YOUR OBJECTIVE.
A stretch of the entries below is to be set down exactly, running from the line with "Thumbnail 2 in Katy vs. Marcus photogallery." through the line with "Primera imagen del", both included, and no other line.

· · · · ·

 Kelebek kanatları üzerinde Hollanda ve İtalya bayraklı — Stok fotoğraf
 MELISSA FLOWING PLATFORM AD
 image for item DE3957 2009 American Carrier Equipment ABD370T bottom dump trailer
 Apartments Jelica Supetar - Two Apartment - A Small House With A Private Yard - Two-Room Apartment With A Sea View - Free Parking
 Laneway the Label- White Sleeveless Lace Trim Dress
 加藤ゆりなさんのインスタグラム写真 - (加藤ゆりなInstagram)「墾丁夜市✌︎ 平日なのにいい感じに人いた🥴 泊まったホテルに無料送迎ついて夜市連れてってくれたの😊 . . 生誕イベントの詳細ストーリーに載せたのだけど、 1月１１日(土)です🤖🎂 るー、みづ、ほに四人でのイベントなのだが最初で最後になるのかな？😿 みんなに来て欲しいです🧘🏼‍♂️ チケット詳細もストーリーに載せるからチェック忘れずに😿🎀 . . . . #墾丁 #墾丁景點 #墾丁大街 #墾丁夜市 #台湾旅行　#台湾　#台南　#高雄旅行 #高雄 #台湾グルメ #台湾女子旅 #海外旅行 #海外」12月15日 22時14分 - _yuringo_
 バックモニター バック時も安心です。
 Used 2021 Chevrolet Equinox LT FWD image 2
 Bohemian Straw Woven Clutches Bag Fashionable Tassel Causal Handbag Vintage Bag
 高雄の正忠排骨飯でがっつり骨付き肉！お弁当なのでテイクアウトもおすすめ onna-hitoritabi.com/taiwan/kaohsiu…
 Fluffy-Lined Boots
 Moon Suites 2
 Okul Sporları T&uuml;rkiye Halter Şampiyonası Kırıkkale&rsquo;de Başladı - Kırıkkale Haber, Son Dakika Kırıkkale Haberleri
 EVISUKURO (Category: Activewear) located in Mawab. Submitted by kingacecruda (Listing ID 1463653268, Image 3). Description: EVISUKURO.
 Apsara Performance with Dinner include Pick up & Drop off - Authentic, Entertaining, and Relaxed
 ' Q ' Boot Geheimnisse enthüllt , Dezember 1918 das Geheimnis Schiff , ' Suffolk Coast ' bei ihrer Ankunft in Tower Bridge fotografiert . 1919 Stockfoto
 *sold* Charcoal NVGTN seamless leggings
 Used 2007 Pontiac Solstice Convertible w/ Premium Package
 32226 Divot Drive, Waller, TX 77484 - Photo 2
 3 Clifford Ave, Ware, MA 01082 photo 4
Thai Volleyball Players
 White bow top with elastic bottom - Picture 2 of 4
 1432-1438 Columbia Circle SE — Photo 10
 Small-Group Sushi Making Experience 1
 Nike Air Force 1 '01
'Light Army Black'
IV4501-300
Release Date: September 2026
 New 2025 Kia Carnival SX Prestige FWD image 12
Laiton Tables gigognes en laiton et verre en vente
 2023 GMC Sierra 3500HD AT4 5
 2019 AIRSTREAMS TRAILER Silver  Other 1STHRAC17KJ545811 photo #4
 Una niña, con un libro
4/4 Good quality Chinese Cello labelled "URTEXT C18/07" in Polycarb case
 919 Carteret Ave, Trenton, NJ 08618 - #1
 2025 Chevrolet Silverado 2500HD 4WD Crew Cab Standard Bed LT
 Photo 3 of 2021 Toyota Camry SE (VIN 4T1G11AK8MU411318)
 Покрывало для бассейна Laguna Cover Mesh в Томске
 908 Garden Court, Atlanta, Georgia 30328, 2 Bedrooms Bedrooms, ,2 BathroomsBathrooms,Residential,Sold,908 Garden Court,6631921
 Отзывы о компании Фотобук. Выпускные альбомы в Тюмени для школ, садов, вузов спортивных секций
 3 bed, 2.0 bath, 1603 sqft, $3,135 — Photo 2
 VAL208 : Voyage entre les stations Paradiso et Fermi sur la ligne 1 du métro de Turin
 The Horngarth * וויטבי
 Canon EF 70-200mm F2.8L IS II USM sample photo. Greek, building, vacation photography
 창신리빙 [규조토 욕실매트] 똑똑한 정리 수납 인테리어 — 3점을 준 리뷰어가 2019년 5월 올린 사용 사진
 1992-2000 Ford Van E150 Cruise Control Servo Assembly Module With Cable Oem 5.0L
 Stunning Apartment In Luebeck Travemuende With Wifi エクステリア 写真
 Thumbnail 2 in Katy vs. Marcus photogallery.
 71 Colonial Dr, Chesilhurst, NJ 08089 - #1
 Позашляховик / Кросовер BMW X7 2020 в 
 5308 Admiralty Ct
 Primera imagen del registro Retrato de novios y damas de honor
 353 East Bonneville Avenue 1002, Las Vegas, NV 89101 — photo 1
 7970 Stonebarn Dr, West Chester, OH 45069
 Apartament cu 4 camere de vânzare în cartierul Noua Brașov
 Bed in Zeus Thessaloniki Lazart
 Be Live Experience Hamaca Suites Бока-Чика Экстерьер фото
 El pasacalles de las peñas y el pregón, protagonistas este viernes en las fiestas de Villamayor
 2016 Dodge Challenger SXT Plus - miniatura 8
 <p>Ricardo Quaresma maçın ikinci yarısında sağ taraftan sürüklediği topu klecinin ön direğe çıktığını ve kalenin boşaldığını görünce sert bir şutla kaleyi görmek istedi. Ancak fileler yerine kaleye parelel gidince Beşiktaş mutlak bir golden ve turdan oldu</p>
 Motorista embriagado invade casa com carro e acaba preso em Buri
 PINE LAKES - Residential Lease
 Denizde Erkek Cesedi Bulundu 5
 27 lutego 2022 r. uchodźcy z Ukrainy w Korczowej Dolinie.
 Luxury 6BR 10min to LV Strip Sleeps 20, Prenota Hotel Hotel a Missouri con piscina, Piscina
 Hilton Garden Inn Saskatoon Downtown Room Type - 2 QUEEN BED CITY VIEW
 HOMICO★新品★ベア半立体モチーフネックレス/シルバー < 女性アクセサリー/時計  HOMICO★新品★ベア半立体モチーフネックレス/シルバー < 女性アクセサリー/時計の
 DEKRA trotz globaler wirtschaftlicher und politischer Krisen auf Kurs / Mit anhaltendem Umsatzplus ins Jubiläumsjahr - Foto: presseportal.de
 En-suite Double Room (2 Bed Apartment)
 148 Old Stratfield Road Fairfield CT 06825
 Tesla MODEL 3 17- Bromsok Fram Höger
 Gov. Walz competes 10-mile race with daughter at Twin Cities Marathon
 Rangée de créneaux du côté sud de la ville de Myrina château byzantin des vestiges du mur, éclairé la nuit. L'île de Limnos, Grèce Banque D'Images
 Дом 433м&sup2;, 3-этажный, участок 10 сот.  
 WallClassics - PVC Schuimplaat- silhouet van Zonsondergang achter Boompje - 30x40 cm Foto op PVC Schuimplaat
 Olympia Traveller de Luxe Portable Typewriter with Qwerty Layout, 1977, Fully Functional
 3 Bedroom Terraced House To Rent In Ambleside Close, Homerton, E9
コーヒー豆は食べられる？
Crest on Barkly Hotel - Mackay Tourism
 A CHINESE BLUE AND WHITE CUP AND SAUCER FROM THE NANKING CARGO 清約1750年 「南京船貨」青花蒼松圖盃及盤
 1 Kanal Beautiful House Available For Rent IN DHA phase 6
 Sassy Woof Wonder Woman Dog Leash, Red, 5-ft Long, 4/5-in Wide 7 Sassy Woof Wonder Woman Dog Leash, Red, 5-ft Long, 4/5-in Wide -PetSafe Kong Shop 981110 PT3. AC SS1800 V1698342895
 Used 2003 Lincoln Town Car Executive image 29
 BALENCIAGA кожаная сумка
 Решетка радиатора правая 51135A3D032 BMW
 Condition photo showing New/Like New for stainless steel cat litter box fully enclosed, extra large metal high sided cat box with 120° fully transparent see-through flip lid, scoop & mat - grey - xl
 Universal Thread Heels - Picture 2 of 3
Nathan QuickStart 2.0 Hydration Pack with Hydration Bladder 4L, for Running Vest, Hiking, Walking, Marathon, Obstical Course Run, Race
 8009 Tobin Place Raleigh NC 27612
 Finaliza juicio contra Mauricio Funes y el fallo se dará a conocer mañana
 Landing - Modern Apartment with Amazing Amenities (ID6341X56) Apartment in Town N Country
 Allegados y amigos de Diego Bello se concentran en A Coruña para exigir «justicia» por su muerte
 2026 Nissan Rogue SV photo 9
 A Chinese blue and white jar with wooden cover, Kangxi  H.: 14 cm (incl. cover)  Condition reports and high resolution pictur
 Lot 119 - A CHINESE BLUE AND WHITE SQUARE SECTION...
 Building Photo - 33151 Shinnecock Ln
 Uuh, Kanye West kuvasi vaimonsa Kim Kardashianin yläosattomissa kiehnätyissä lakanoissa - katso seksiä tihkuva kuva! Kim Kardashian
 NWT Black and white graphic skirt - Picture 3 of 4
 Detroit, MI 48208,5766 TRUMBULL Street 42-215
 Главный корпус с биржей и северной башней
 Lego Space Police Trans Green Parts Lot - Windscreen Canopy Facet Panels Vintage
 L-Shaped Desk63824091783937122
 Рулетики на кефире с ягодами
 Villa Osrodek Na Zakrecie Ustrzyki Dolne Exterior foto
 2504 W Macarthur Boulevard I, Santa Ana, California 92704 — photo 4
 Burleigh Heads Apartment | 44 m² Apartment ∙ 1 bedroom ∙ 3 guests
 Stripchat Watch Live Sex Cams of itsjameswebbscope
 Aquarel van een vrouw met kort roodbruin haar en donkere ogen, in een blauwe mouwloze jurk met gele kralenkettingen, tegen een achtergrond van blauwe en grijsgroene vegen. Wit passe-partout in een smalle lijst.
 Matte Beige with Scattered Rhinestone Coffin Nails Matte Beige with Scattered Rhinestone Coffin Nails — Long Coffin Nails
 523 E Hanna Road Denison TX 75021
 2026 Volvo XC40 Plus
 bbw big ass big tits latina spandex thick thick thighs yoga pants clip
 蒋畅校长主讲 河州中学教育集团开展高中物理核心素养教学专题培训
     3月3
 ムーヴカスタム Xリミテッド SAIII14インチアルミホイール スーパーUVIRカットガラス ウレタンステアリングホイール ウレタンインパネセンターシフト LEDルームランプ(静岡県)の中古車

· · · · ·

TASK SOLUTION.
 Thumbnail 2 in Katy vs. Marcus photogallery.
 71 Colonial Dr, Chesilhurst, NJ 08089 - #1
 Позашляховик / Кросовер BMW X7 2020 в 
 5308 Admiralty Ct
 Primera imagen del registro Retrato de novios y damas de honor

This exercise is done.